Are you making these bus conversion mistakes

3 Mistakes People are Making When Converting a Bus

Lately, I have been noticing that several people are selling their skoolies. Most of these school buses are partially converted. It really got me to thinking, WHY? Which caused me to examine our own experience converting and living in a converted school bus. I came to realize that there are three school bus conversion mistakes that people make often. Keep reading to find out which school bus conversion mistake we have made.


Are you making a school bus conversion mistake that could sabotage your skoolie dream?
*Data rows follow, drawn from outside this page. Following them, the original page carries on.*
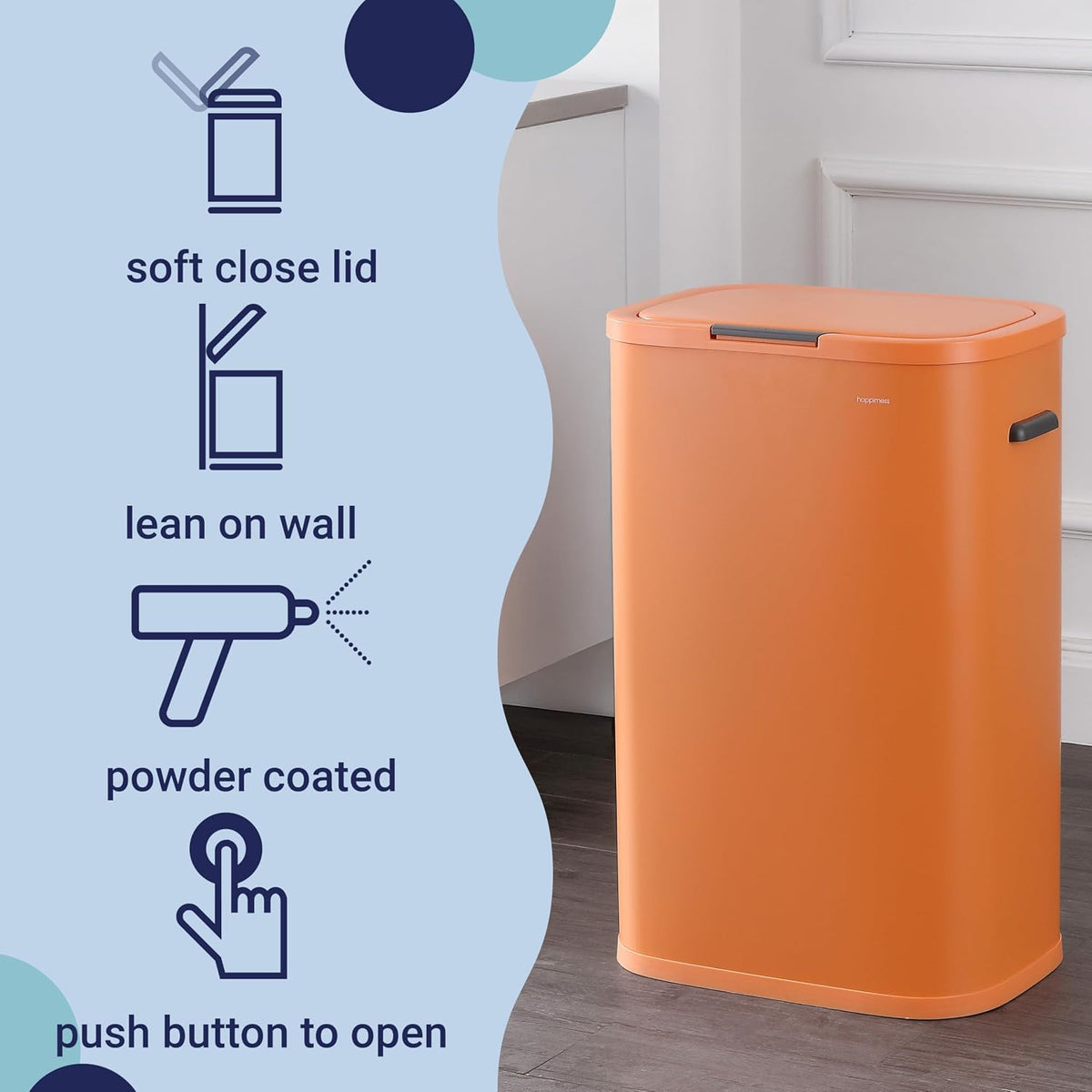 Tammi 14.5 Gal Slim Push Button Trash Can, Limestone Beige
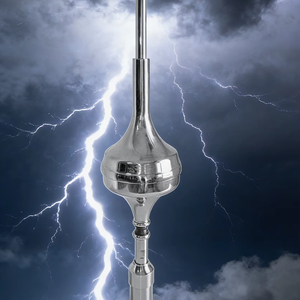 Pararrayos, Conductor y Supresor de Rayos Eficaz para Protección y Puesta a <span class=keywords><strong>Tierra</strong></span>, Acero Inoxidable, Certificado ISO, Garantía de 3 Años - Product Image 1
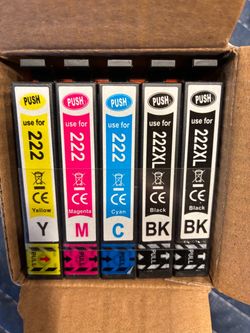 222XL Ink Cartridges for Epson Printer - 2 Black, 3 Color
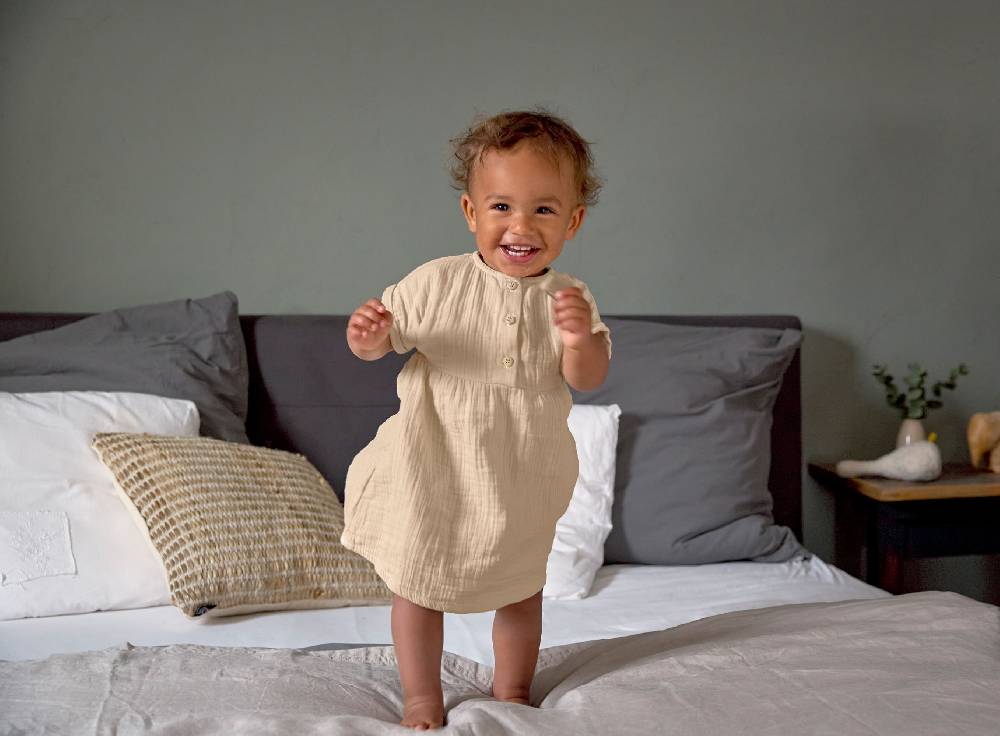 Lässig Kinderkleid - Bio Baumwolle, Nature, Beige Jubiläumsangebot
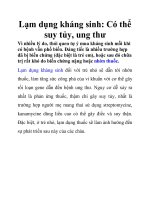 Lạm dụng kháng sinh: Có thể suy tủy, ung thư pot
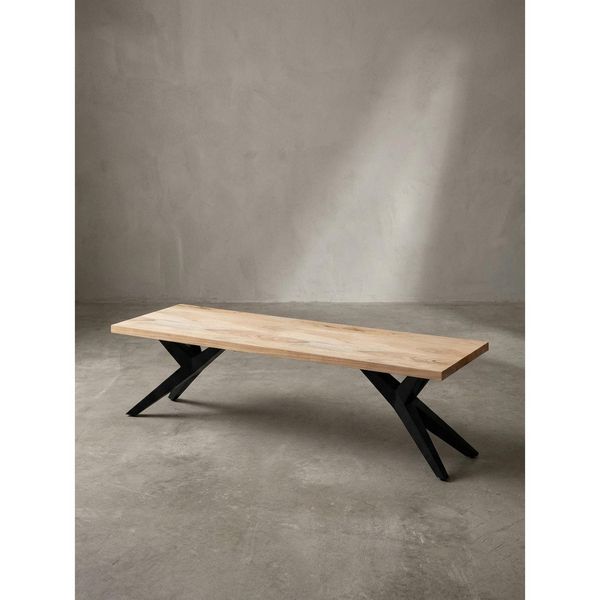 Esszimmerbank Massivholz Metall Loft-Stil, Akazie 120X45X45 Cm-image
1. Dreaming and Not Purchasing

Are you the type-A planner? You know the kind… One that has boards and boards on Pinterest about school bus conversions. Maybe Pinterest isn’t your thing. But you follow several Instagram accounts.  Let me say there is nothing, I mean NOTHING wrong with dreaming and planning. I have gotten some great ideas from spending time on Pinterest and Instagram. The problem comes in when too much time is spent dreaming and not enough time is spent doing. You don’t move past dreaming to actually purchasing your bus.

When you have tons of inspiration but your Skoolie project is not making it past the idea stage, it’s time to stop dreaming and planning and get to doing. Don’t make this school bus conversion mistake, go out and buy the bus.


Set Some Goals

When do you want to say “YES” to freedom and a simpler way of life? Grab a calendar and set a date!
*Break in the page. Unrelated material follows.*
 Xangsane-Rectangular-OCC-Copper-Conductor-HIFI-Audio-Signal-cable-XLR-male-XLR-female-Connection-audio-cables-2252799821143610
Here is a post on how to make your Skoolie dream a reality.

Find a Community and Grab Accountability

If you are concerned that you will throw in the towel on that date before you even get started, join a community of people that can help, support, and encourage you to keep working on getting your dream on the reality road. In the past, it has helped me to get involved with other like-minded people. People who are chasing the same dream and actually DOING it. When you join a group like The Skoolie Community FB Group  you will find a community of people willing to give advice, share their struggles, and encourage you along your road to Skoolie living. After you finish reading this post, click on this link and join us. Four Wheels and a Bra is a Facebook group geared just for women who desire to LIVE the Skoolie dream. It has nearly 3,000 strong and talented women who are converting/living/traveling in a Skoolie.
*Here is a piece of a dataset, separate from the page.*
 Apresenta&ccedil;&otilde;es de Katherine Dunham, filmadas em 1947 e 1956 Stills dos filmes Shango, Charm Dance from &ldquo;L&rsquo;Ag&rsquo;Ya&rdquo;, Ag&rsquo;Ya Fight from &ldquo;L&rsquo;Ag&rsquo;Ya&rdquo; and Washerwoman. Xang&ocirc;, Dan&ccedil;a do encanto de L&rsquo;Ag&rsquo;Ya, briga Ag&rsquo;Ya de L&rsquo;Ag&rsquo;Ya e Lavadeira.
Get Out of Your Comfort Zone

Now that you have set some goals and found a community where there is accountability, you have to get out of your comfort zone. You have to put the phone down, close the computer and just start working. Converting a bus into a home on wheels is not just what it is about. It’s about making a commitment to yourself that you are worthy of completing a dream. It’s about proving to yourself that you have what it takes to make this Skoolie dream a reality. Get out of your comfort zone and start living the way you want to on YOUR TERMS! BUY YOUR BUS! The first step is the hardest. Here’s the link to our FREE E-Course, School Bus to Home on Wheels, to help you get started.

2.Making an Impulse Buy

I know.. I just told you to purchase your bus and now I am saying don’t make an impulse buy. Hear me out. You need to get past the dreaming stage but you don’t want to purchase the first beautiful yellow bus that comes along without knowing what you are getting. This one mistake can sabotage your Skoolie dream before you get 100 miles down the reality road. If you purchase the first bus that comes along you will make a school bus conversion mistake that could cost you more money in repairs and leave you without enough cash for the conversion.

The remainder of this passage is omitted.